Euro assets are the only other sizable diversification from the US dollar available to China for its burgeoning forex reserves. The Economist recently quoted BNY Mellon estimates that around a quarter of China’s reserves are now in euro-denominated assets. Given the recent pace of accumulation—around $200 billion a quarter—that would suggest that $ 150 billion-200 billion of Chinese reserves have found their way to the euro zone since last summer. The Chinese may have been buying as much sovereign debt from struggling states as the European Central Bank (ECB) has. China is interested in AAA European debt issued through the European Financial Stability Facility (EFSF), according to statements from the EFSF CEO Klaus Regling. AAA-rated debt yields higher for Euro than for US dollar assets – part of the attraction apart from diversification motives. Last week’s decision by EU leaders to back European peripheral credit with ‘Eurobonds’ will lead to deeper, more liquid bond markets in Europe. For Asian investors who look for deep bond markets to invest in, this should provide further reason to divest from the US into Europe.

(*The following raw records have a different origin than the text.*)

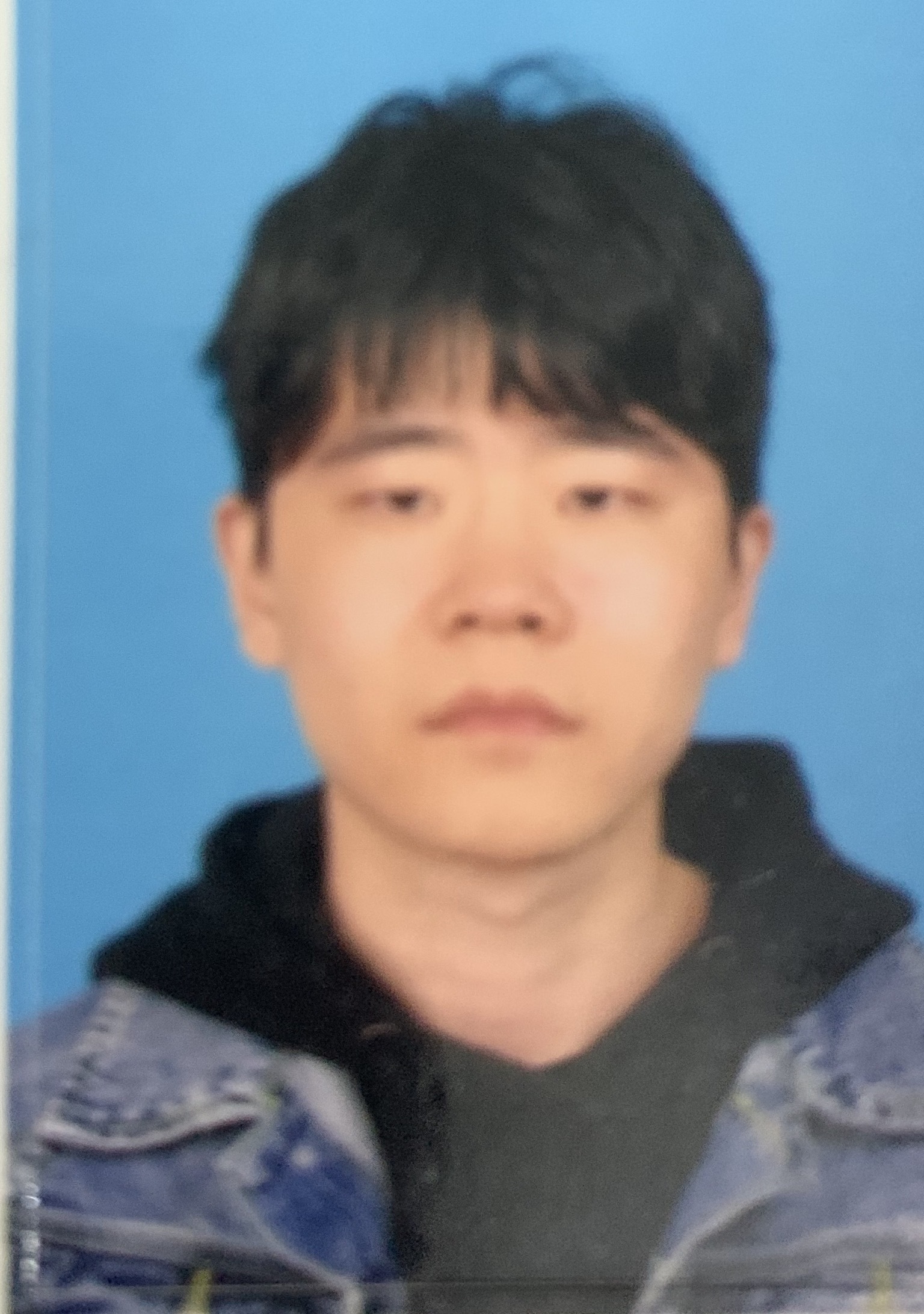 上海家教老师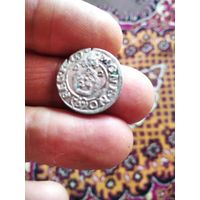 ПОЛТОРАК 1622 ГОДА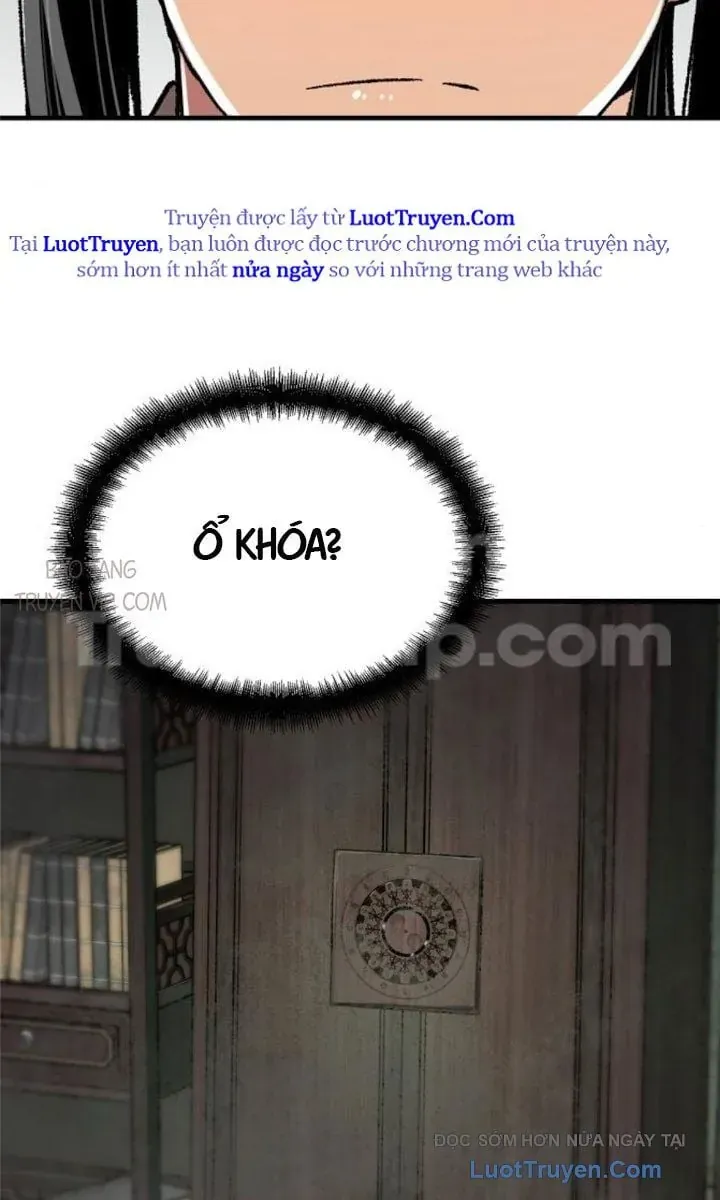 Thiên Ma Quy Hoàn - Chapter 93 - Page 125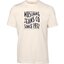 MUSTANG T-Shirt Style Austin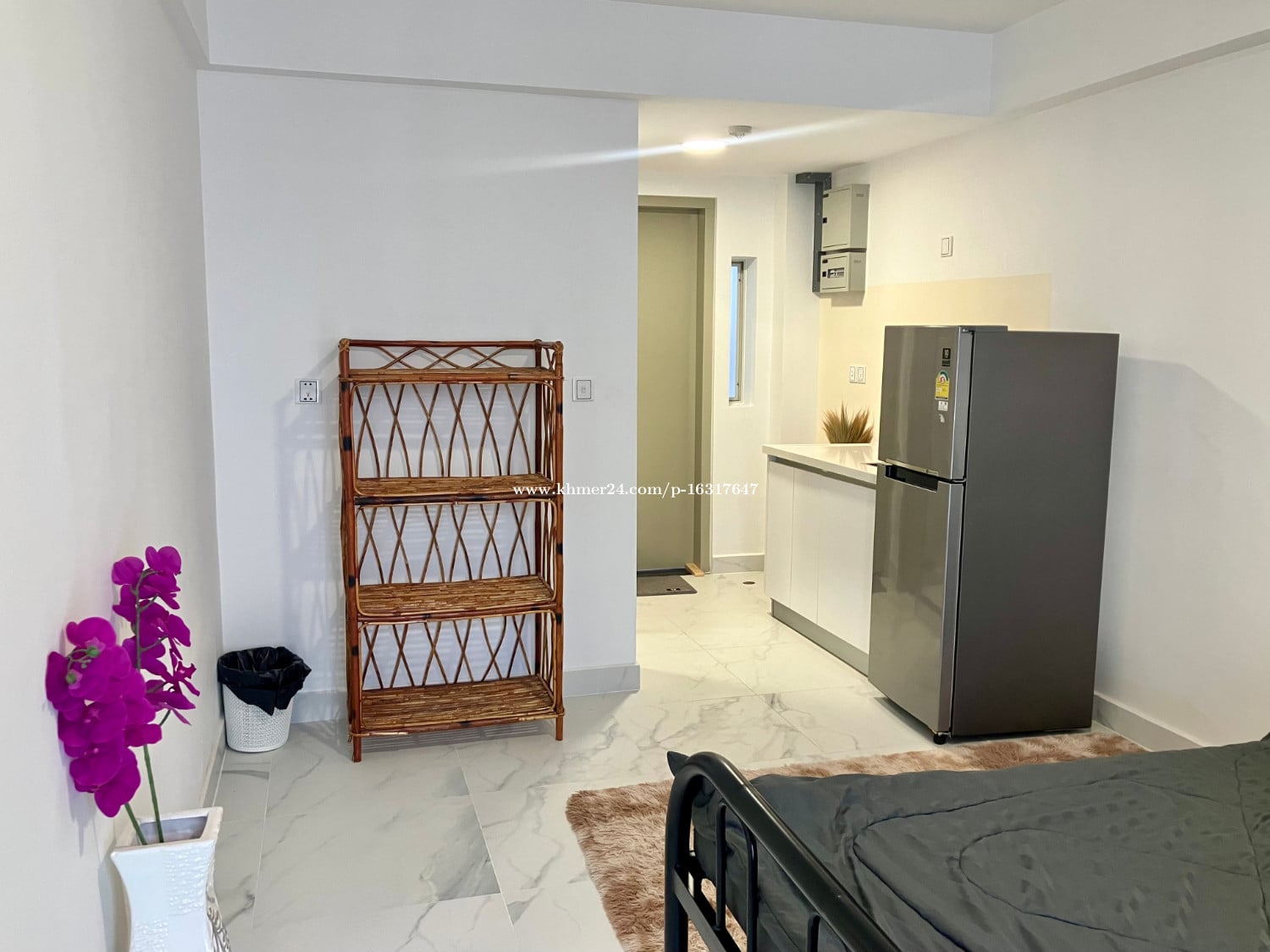 Sen Sok, Phnom Penh - photo 1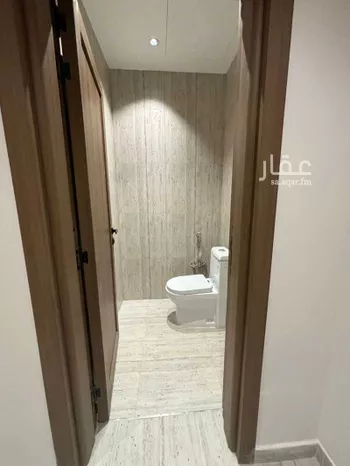 شقة للبيع في شارع الفوانيس, حي عرقة, مدينة الرياض, منطقة الرياض صورة 3
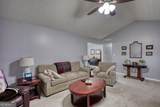 513 Cody Lane - Photo 34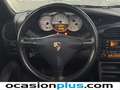 Porsche Boxster 3.2 S Gris - thumbnail 16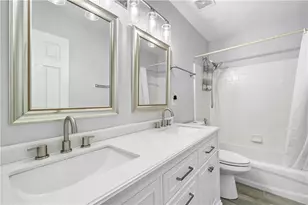 243 Wedmore Ct, Suwanee, GA 30024 - Photo 36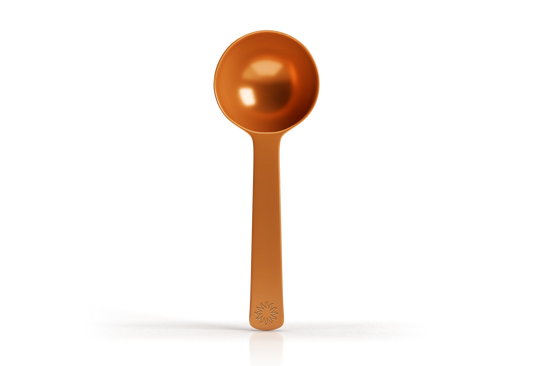 Golden Spoon (10g)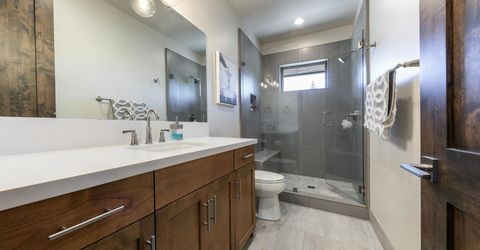 10109 Corrie Court, Truckee, CA 96161 Photo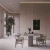 Lampa sufitowa Hoop C086CL-GX53-SRD-W - Maytoni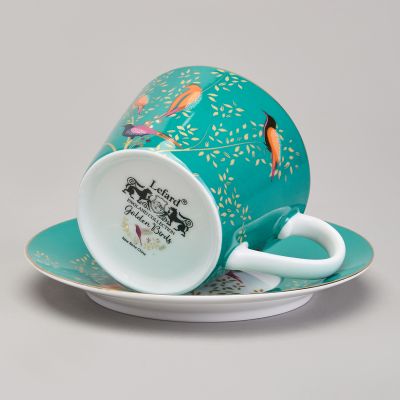 ЧАЙНЫЙ НАБОР LEFARD 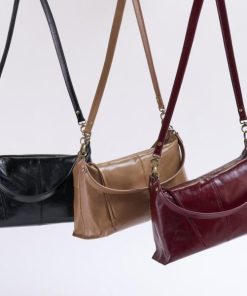 Newbeac.shopcffce5799e 5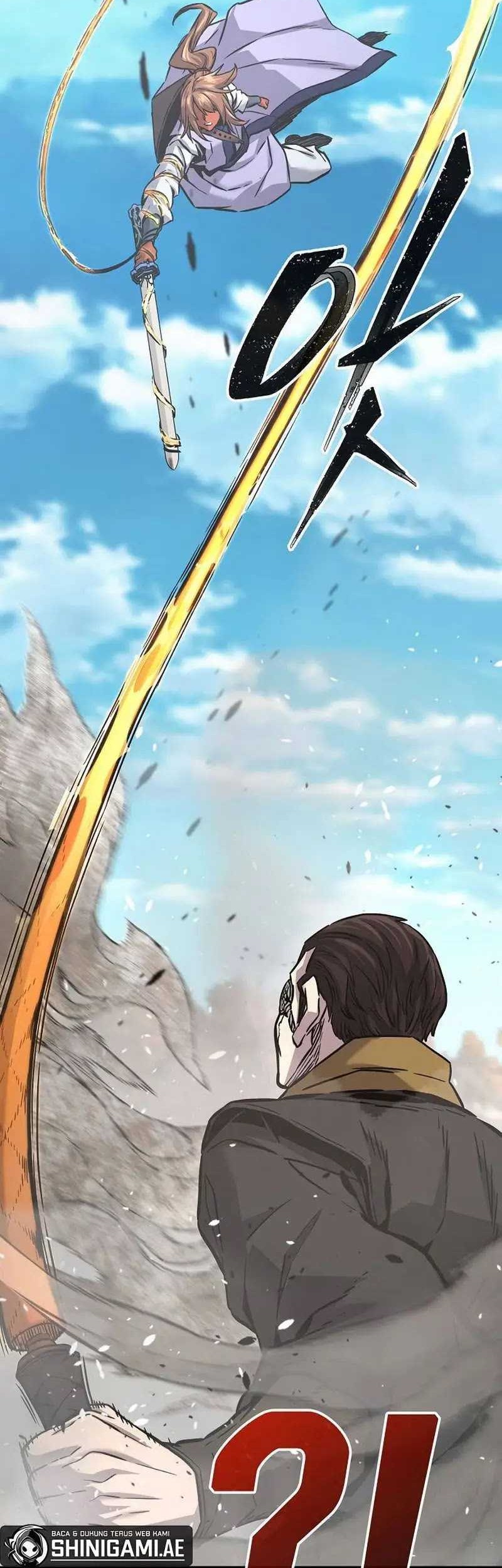 Chapter 67 - halaman 46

China invests excess savings not just in liquid debt instruments, but also in equity assets, for example through sovereign wealth funds. Adding up China’s five (!) sovereign wealth funds (SAFE Investment Company; China Investment Corporation; Hong Kong Monetary Investment Authority; National Social Security Fund; China-Africa Development Fund), the SWF Institute reports current assets to total US$ 1.34 trn. Private individual and corporate investors take stakes as well, as China wants to diversify away from financial into real assets. The figure above (from The Economist) shows that although Europe lacks behind Asia, Latin America, and Africa as host of China’s foreign direct investment stock, the Old Continent reported in 2009 the highest percentage increase of Chinese FDI purchases. China has the reputation to love infrastructure assets. Peripheral Europe will be forced to privatise exactly those state assets that China is keen on. This is how the Chinese state-owned company Cosco, for example, could buy up the Greek port of Piraeus, with the idea of turning it into a beachhead for Chinese exports into Europe.
China’s self-interest and gradualism (摸着石头过河) stand in the way of a major assistance to solve the Eurozone problem through Chinese capital. The regulatory framework and external competitiveness of Southern Europe are prerequisites for further important inflows from Asia; the massive net asset position that China hold in US dollars militates against abrupt moves out of US dollar assets. But a deeper Eurobond market and the fit of Europe’s saleable public-sector assets with China’s national excess savings provide avenues for policy solutions and Euro support.